[Start of Attachment]
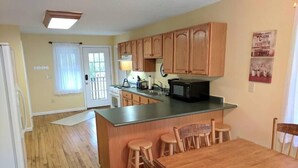 A kitchen with wooden cabinets, a microwave, and a dining area with wooden chairs.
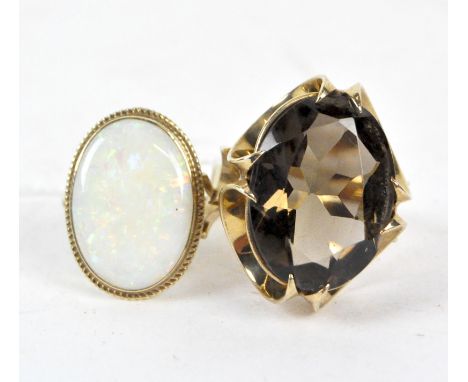 Two ladies 9ct gold dress rings, one set with a cabachon opal, the other a large claw set stone, combined weight approximatel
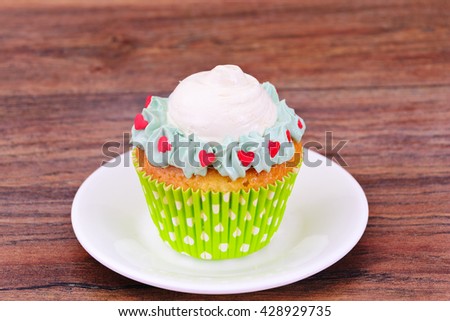 Cake with Cream, Cupcake on Wood Background. Studio Photo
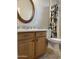 Bathroom with wood cabinets and tile flooring at 18546 E Oak Hill Ln, Queen Creek, AZ 85142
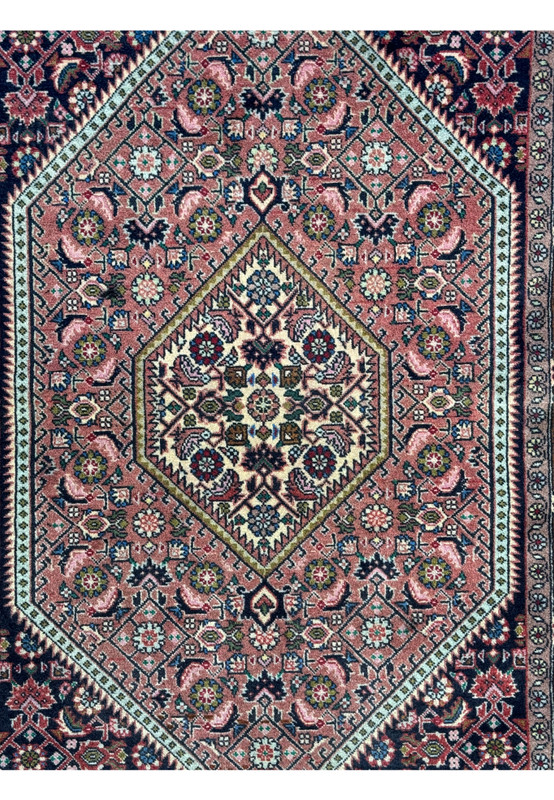 Close-up of the Persian Bijar rug's central medallion with detailed floral motifs and vibrant color contrasts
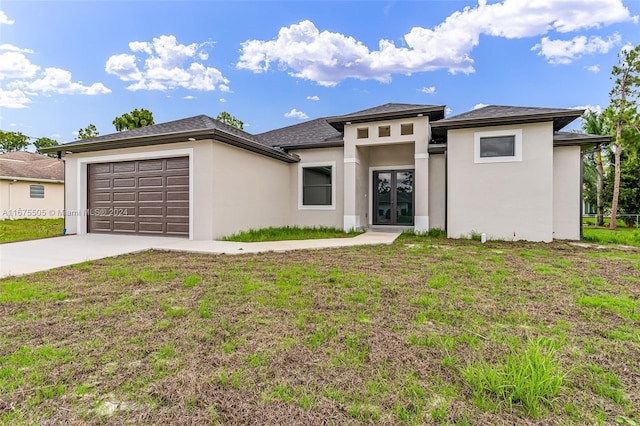 prairie-style home with a front yard and a garage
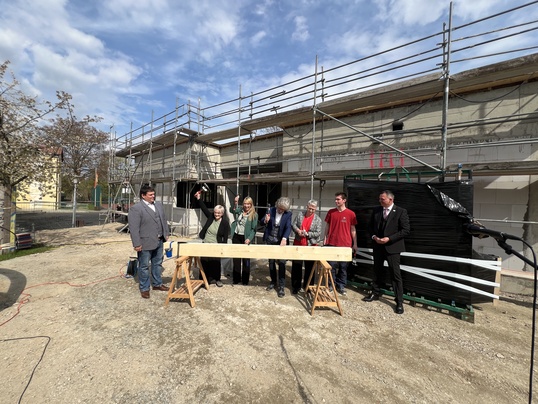 vor einem Rohbau mit Gerüst stehen 7 Menschen und schlagen Nägel in einen Balken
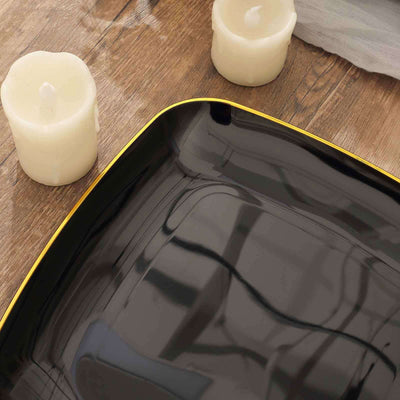 Black square plate with yellow trim, surrounded by white candles.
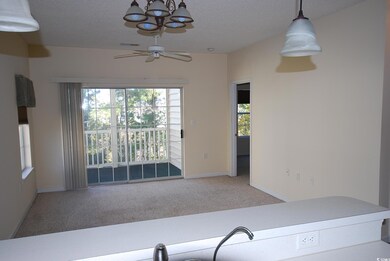 Interior space with ceiling fan with notable chand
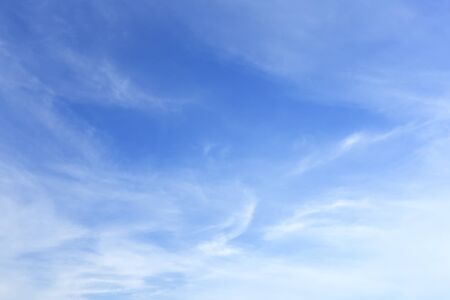 blue sky background texture with white clouds.の写真素材
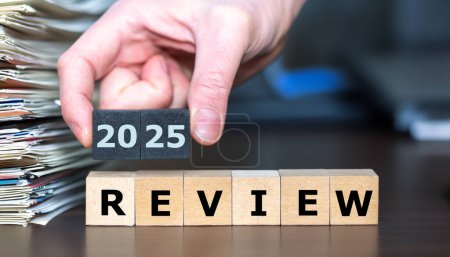 Holzwürfel bilden neben einem Papierstapel den Ausdruck "2025 Review".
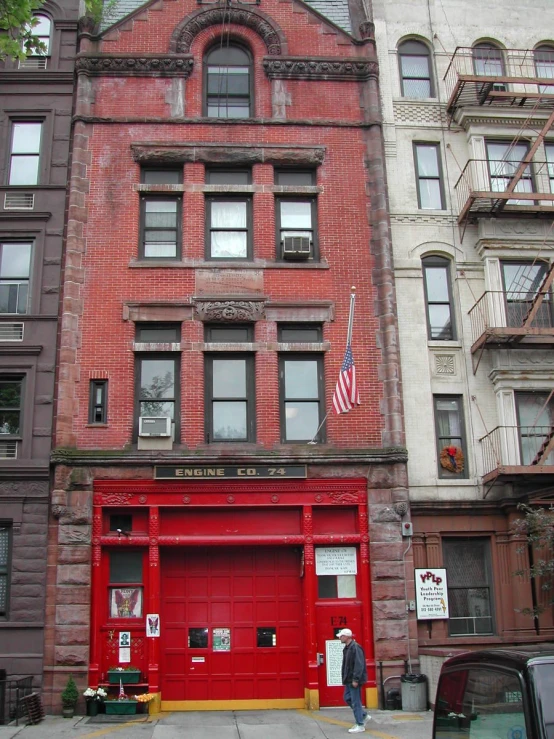 an old firehouse on the corner of an old city street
[End of Attachment]
» WORK INSTRUCTION: In the entries above, find the line containing "Two ladies 9ct" and the line containing "prairie-style home with", then copy both and every line between them exactly, without any picture.

» TASK RESULT:
 Two ladies 9ct gold dress rings, one set with a cabachon opal, the other a large claw set stone, combined weight approximatel
 Cake with Cream, Cupcake on Wood Background. Studio Photo
 Bathroom with wood cabinets and tile flooring at 18546 E Oak Hill Ln, Queen Creek, AZ 85142
 Close-up of the Persian Bijar rug's central medallion with detailed floral motifs and vibrant color contrasts
 prairie-style home with a front yard and a garage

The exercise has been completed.